Percobaan Stern-Gerlach pada tahun 1922 memberikan bukti lebih jauh mengenai sifat-sifat kuantum atom. Ketika seberkas atom perak ditembakkan melalui medan magnet, berkas tersebut terpisah-pisah sesuai dengan arah momentum sudut atom (
spin). Oleh karena arah spin adalah acak, berkas ini diharapkan menyebar menjadi satu garis. Namun pada kenyataannya berkas ini terbagi menjadi dua bagian, tergantung dari apakah spin atom tersebut berorientasi ke atas ataupun ke bawah.
[22]
Pada tahun 1926, dengan menggunakan pemikiran
Louis de Broglie bahwa partikel berperilaku seperti gelombang, Erwin Schrödinger mengembangkan suatu model atom matematis yang menggambarkan elektron sebagai
gelombang tiga dimensi daripada sebagai titik-titik partikel. Konsekuensi penggunaan bentuk gelombang untuk menjelaskan elektron ini adalah bahwa adalah tidak mungkin untuk secara matematis menghitung
posisi dan
momentum partikel secara bersamaan. Hal ini kemudian dikenal sebagai
prinsip ketidakpastian, yang dirumuskan oleh
Werner Heisenberg pada 1926. Menurut konsep ini, untuk setiap pengukuran suatu posisi, seseorang hanya bisa mendapatkan kisaran nilai-nilai probabilitas momentum, demikian pula sebaliknya. Walaupun model ini sulit untuk divisualisasikan, ia dapat dengan baik menjelaskan sifat-sifat atom yang terpantau yang sebelumnya tidak dapat dijelaskan oleh teori mana pun. Oleh sebab itu, model atom yang menggambarkan elektron mengitari inti atom seperti planet mengitari matahari digugurkan dan digantikan oleh model
orbital atom di sekitar inti di mana elektron paling berkemungkinan berada.
[23][24]Perkembangan pada
spektrometri massa mengijinkan dilakukannya pengukuran massa atom secara tepat. Peralatan spektrometer ini menggunakan magnet untuk membelokkan trayektori berkas ion, dan banyaknya defleksi ditentukan dengan rasio massa atom terhadap muatannya. Kimiawan
Francis William Aston menggunakan peralatan ini untuk menunjukkan bahwa isotop mempunyai massa yang berbeda. Perbedaan massa antar isotop ini berupa bilangan bulat, dan ia disebut sebagai
kaidah bilangan bulat.
[25]Penjelasan pada perbedaan massa isotop ini berhasil dipecahkan setelah ditemukannya
neutron, suatu partikel bermuatan netral dengan massa yang hampir sama dengan
proton, yaitu oleh
James Chadwick pada tahun 1932. Isotop kemudian dijelaskan sebagai unsur dengan jumlah proton yang sama, namun memiliki jumlah neutron yang berbeda dalam inti atom.
[26]
Pada tahun 1950-an, perkembangan
pemercepat partikel dan
detektor partikel mengijinkan para ilmuwan mempelajari dampak-dampak dari atom yang bergerak dengan energi yang tinggi.

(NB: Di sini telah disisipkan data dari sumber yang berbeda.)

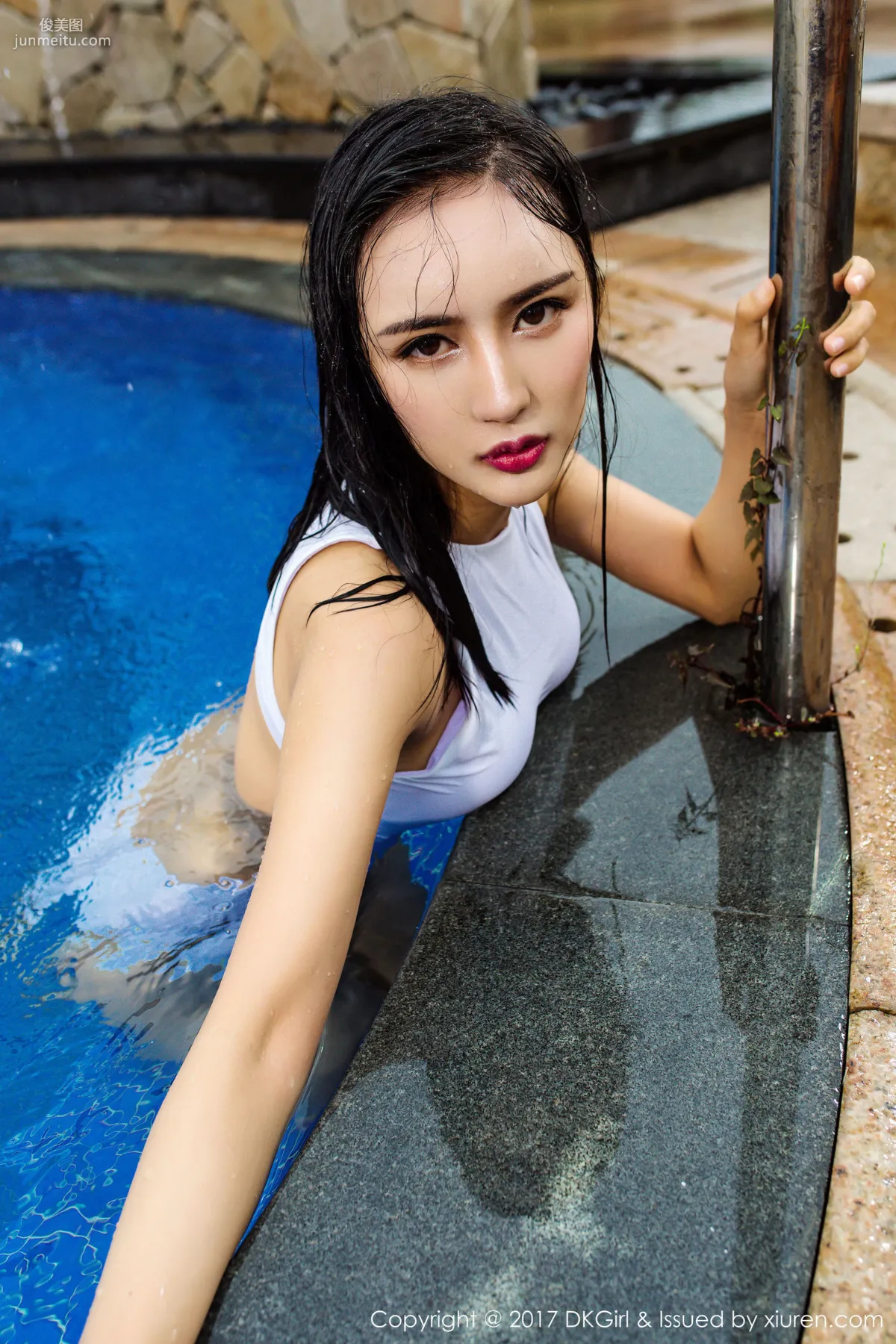 Model Mei Ge, Fresh and Lovely, Beautiful Breasts and Legs, Fashionable and Sexy [DKGirl] VOL.026 Photo Set photo 31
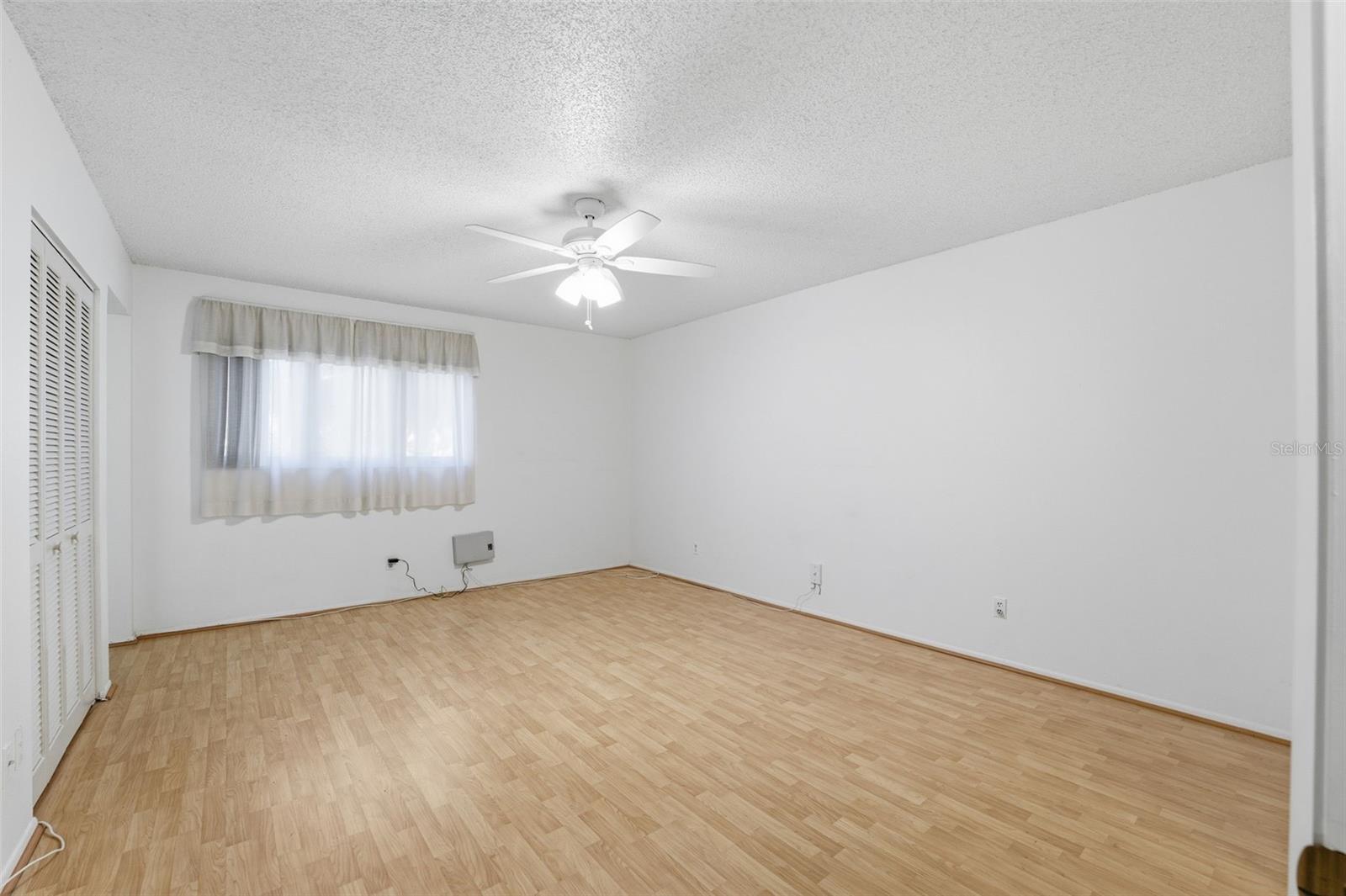 ON TOP OF THE WORLD - Residential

[27] Neutron dan proton kemudian diketahui sebagai
hadron, yaitu komposit partikel-partikel kecil yang disebut sebagai
kuark. Model-model standar fisika nuklir kemudian dikembangkan untuk menjelaskan sifat-sifat inti atom dalam hal interaksi partikel subatom ini.
[28]
Dalam sejarahnya, sebuah atom tunggal sangatlah kecil untuk digunakan dalam aplikasi ilmiah. Namun baru-baru ini, berbagai peranti yang menggunakan sebuah atom tunggal logam yang dihubungkan dengan
ligan-ligan organik (
transistor elektron tunggal) telah dibuat.
[30] Berbagai penelitian telah dilakukan untuk memerangkap dan memperlambat laju atom menggunakan
pendinginan laser untuk mendapatkan pemahaman yang lebih baik mengenai sifat-sifat atom.